Sosyal sorumluluk projelerinde çocukları bu sanrıdan kurtarabilmek için etkileyici kısa filmler oluşturuluyor.
Aslında hiç içmeyi sevmediği kahveyi alıp, fotoğrafını çekerek aldığı ‘like sayısı’ kadar gülümsüyor gençler.
Algı yönetimi yapılırken, yeni neslin geleceği hiçe sayıldı.
Çünkü ‘delete’ tuşu işe yaramıyor.
Nasıl mı?
Bir internet kullanıcı olarak büyük ihtimalle ortalama son 15 yılı çevrimiçi geçirdik.

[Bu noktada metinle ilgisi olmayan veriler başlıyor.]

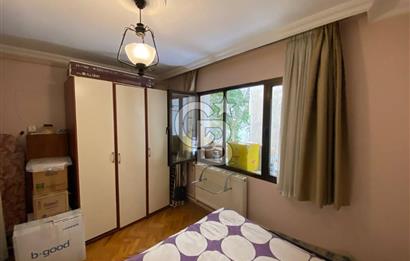 ALAYBEY'DE DENİZE YÜRÜME MESAFESİNDE 3+1 SATILIK DAİRE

Çocukluk fotoğraflarımızdan başlayan ve an be an bizi paylaşan ebeveynimiz varsa hele; hiç kaçarı yok takip ediliyoruz.
Zaten bunu alışveriş sitelerinden gelen reklamlarla çoktan öğrendik.
Kişilerin tercihleri, zevkleri hep kontrol altında.

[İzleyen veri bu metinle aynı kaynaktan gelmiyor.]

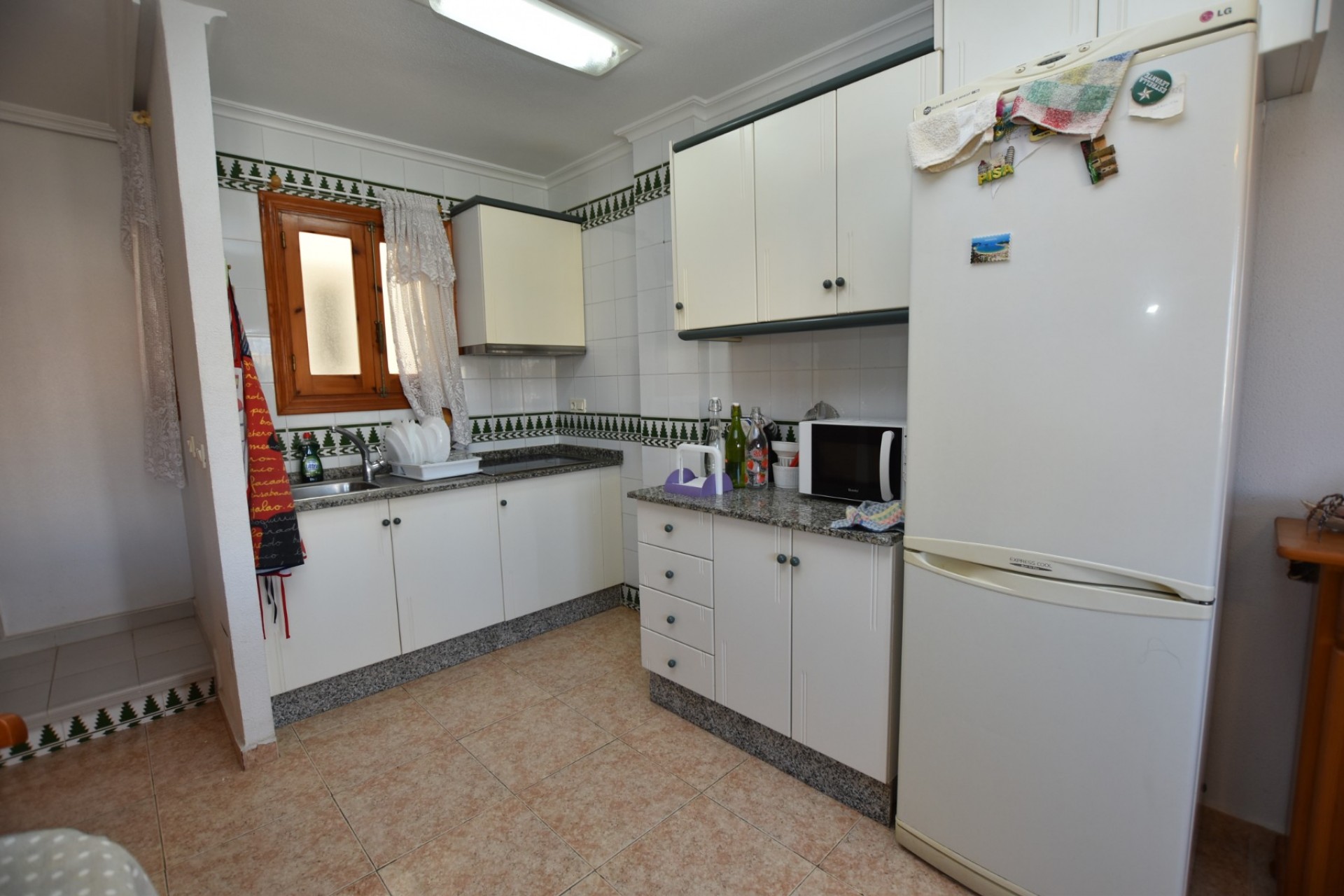 Återförsäljning - Town House -
La Mata - Costa Blanca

Bir kere kırmızı kazak aratın mesela.
Günlerce her sitede karşınıza pop-up olarak öneriler akacak.
Durum böyleyken paylaştığınız şeyler için yıllar sonra ‘bunu ben nasıl söyledim’ diye pişmanlık duyabilirsiniz.
Silmek de mümkün olmadığına göre 40 kere düşünmekte fayda var…
***
Aposto’da yer alan Doğa Yurduneri’n haberinde uzmanların açıklaması şu şekilde yer alıyor:
“Kendinize ait tüm verileri silmeniz imkânsıza yakın. Google’ın dizin sistemi de bu süreci oldukça zorlu bir hâle getiriyor. Bunun için kullanıcının kendisine ait her bir veriye ulaşması, bunu kaldırması, kendi kontrolü dâhilinde değilse ilgili platformdan kaldırılmasını talep etmesi ve bazen bununla ilgili yasal süreç başlatması gerekiyor. Tüm bu adımlar tamamlansa dahi yine de internet veri tabanının derinliklerinden kişi hakkında keşfedilmemiş bir bilgi ortaya çıkabiliyor!”
Üstelik hakkımızda yığınla bilgiye sahip olan şirketler Meta ve Google ile sınırlı değil.
Aktarılan bilgiye göre daha önce hiç adını duymadığımız komisyoncu şirketler de bizimle ilgili pek çok veriye sahip.
Bunlar kullanıcılar hakkında bilgileri topluyor ve belirli amaçlarla diğer şirketlere satıyor.
Amaç hedefli reklamlar sunmak veya siyasi bir kampanya için söylem oluşturmak olabiliyor.
***
Şimdilik tehlikeli gibi gelmiyor kulağa.
Ama Çin’deki Sosyal Kredi Sistemi - vatandaşların izlendiği ve davranış ve tutumlarının puanlanarak bir vatandaşlık puanı oluşturulduğu sistem.- dünyaya yayılırsa o zaman ne demek istediğimiz daha net anlaşılacak!